» THE TASK: Reproduce each record below in full, word for word, without images.

[Captioned web images]
---------------
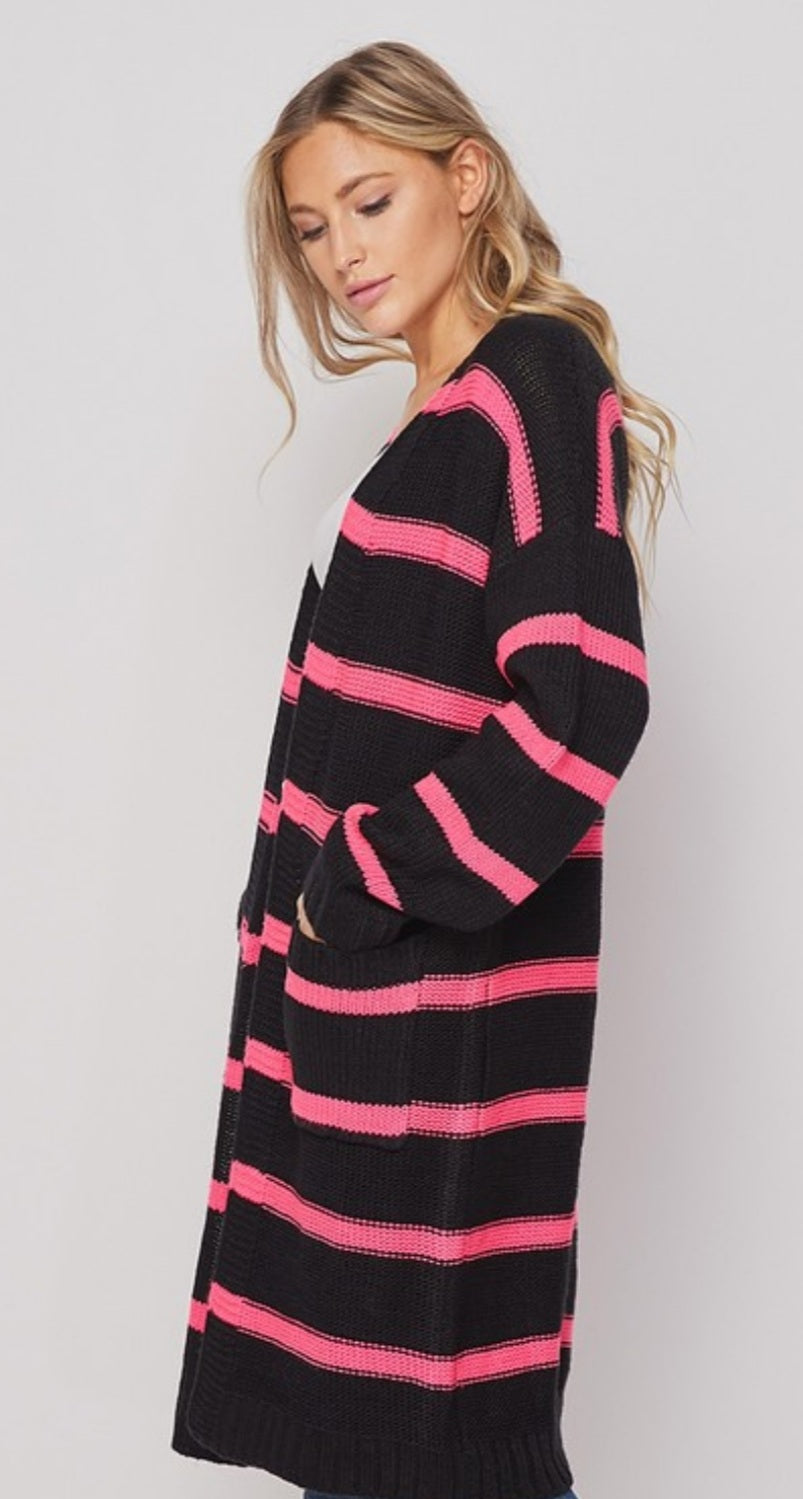Hot pink striped knit cardigan 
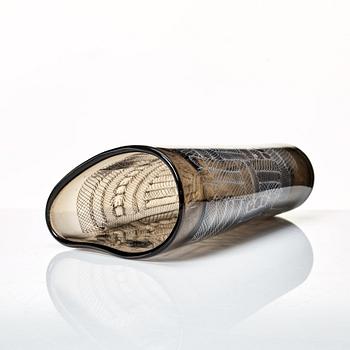 Paolo Venini, a smoke coloured "Mosaico Zanfirico" vase, Murano, Italy 1950's.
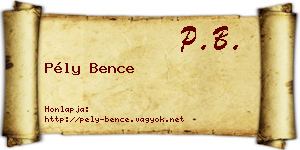 Pély Bence névjegykártya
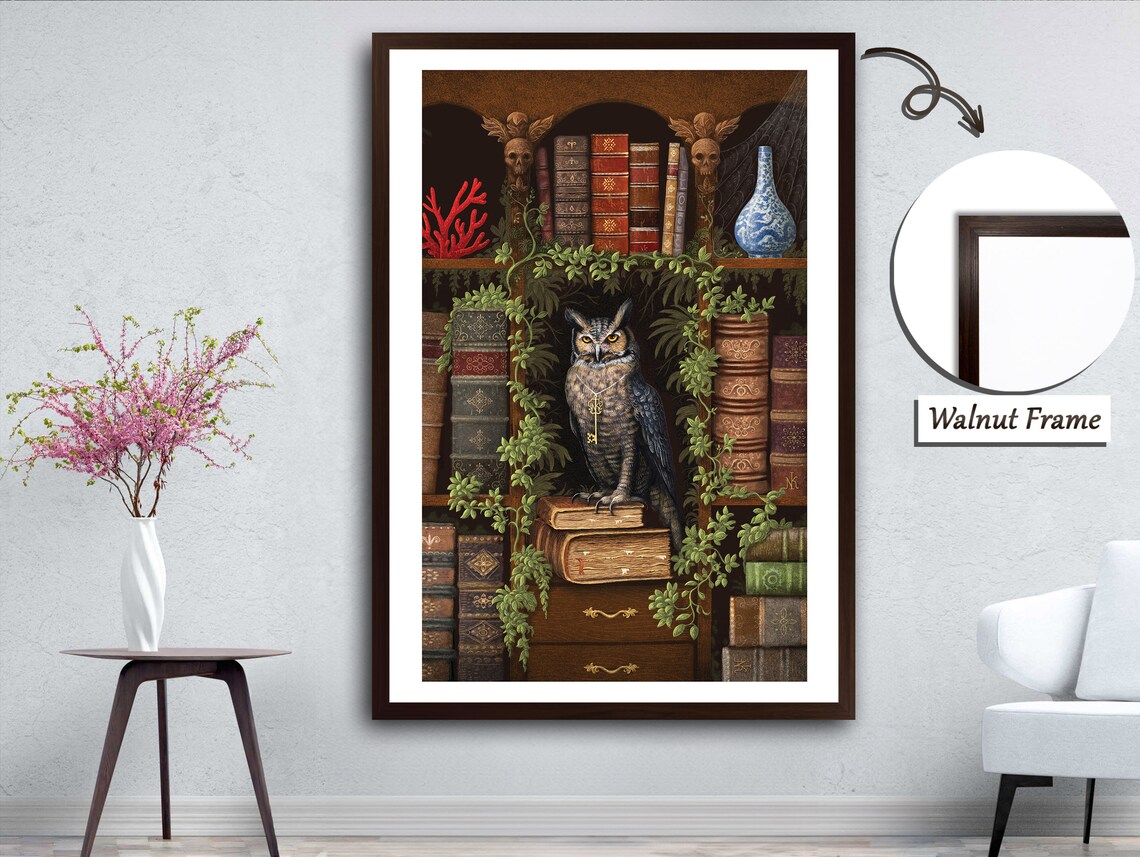 Owl Perched In A Library, Literary Wall Decor - Image 3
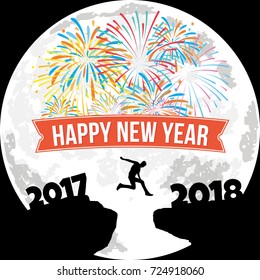 2018 Happy new year. Silhouette of a man jumping from 2017 to 2018 on cliffs with moon and fireworks as background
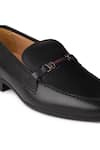 Shop_Hats Off Accessories_Black Genuine Leather Buckle Loafers  _Online_at_Aza_Fashions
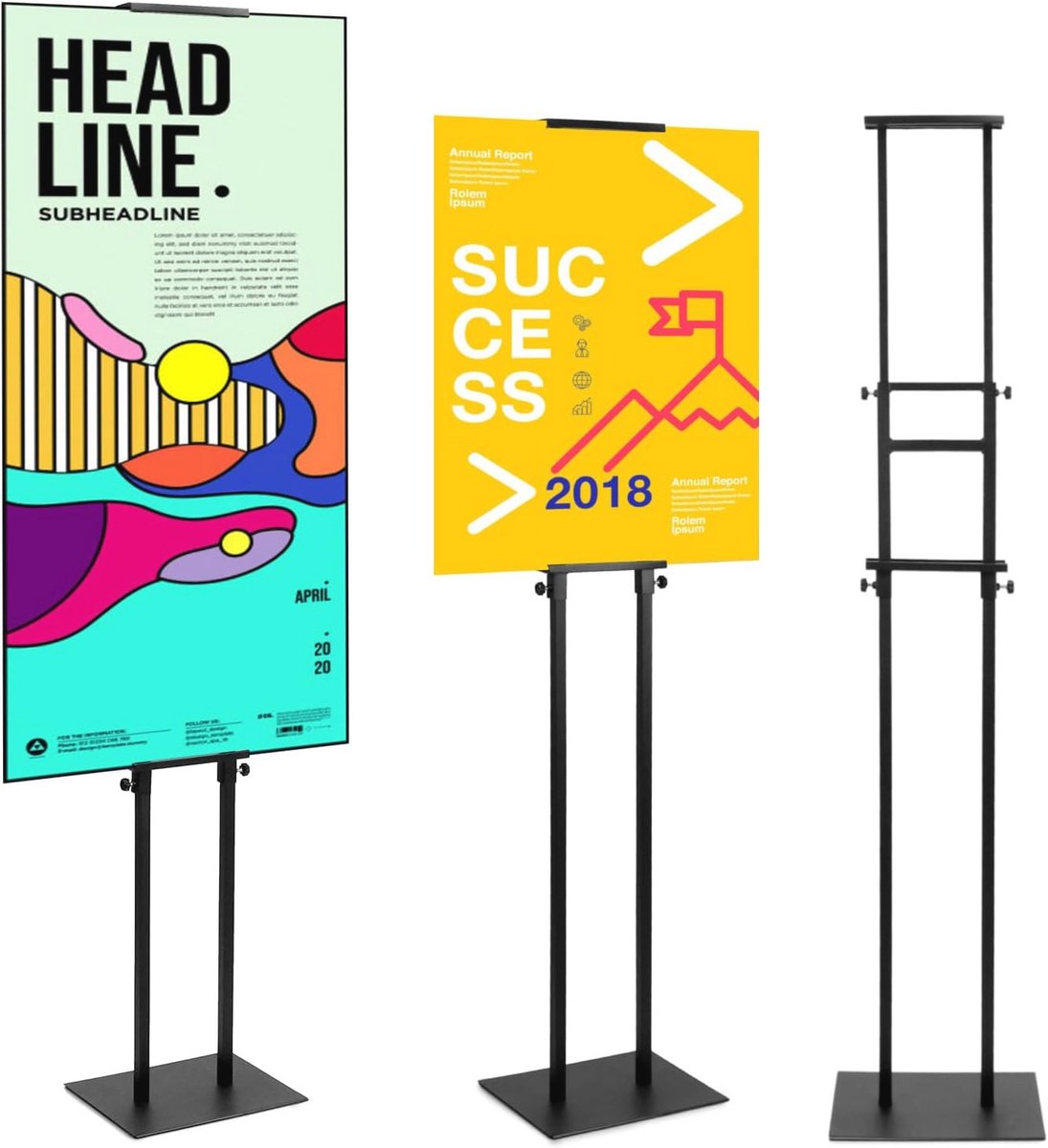Verstelbare Dubbelzijdige Posterstands - Set van 2 voor Evenementen en Reclamecampagnes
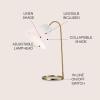 JONATHAN Y 22″ Brass Gold Modern Glam Metal Arc Table Lamp with White Pleated Linen Shade, Adjustable Head Minimalist Desk Lamp for Bedroom Office, LED Bulb Included JYL1147A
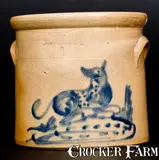 Brady & Ryan, 6 Qt. BRADY & RYAN / ELLENVILLE, N.Y. Stoneware Crock with Dog Decoration, circa 1885, Stoneware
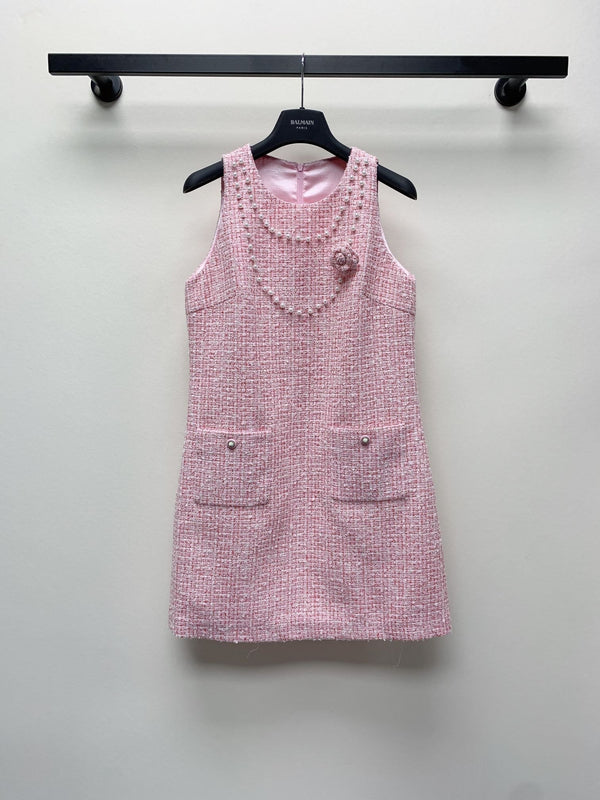 CC 25 Flower Woven Dress Tweed Pink Polyester Cotton 257307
---------------
» RESPONSE BELOW:
Hot pink striped knit cardigan 
 Paolo Venini, a smoke coloured "Mosaico Zanfirico" vase, Murano, Italy 1950's.
 Pély Bence névjegykártya
 Owl Perched In A Library, Literary Wall Decor - Image 3
 2018 Happy new year. Silhouette of a man jumping from 2017 to 2018 on cliffs with moon and fireworks as background
 Shop_Hats Off Accessories_Black Genuine Leather Buckle Loafers  _Online_at_Aza_Fashions
Verstelbare Dubbelzijdige Posterstands - Set van 2 voor Evenementen en Reclamecampagnes
 JONATHAN Y 22″ Brass Gold Modern Glam Metal Arc Table Lamp with White Pleated Linen Shade, Adjustable Head Minimalist Desk Lamp for Bedroom Office, LED Bulb Included JYL1147A
 Brady & Ryan, 6 Qt. BRADY & RYAN / ELLENVILLE, N.Y. Stoneware Crock with Dog Decoration, circa 1885, Stoneware
 CC 25 Flower Woven Dress Tweed Pink Polyester Cotton 257307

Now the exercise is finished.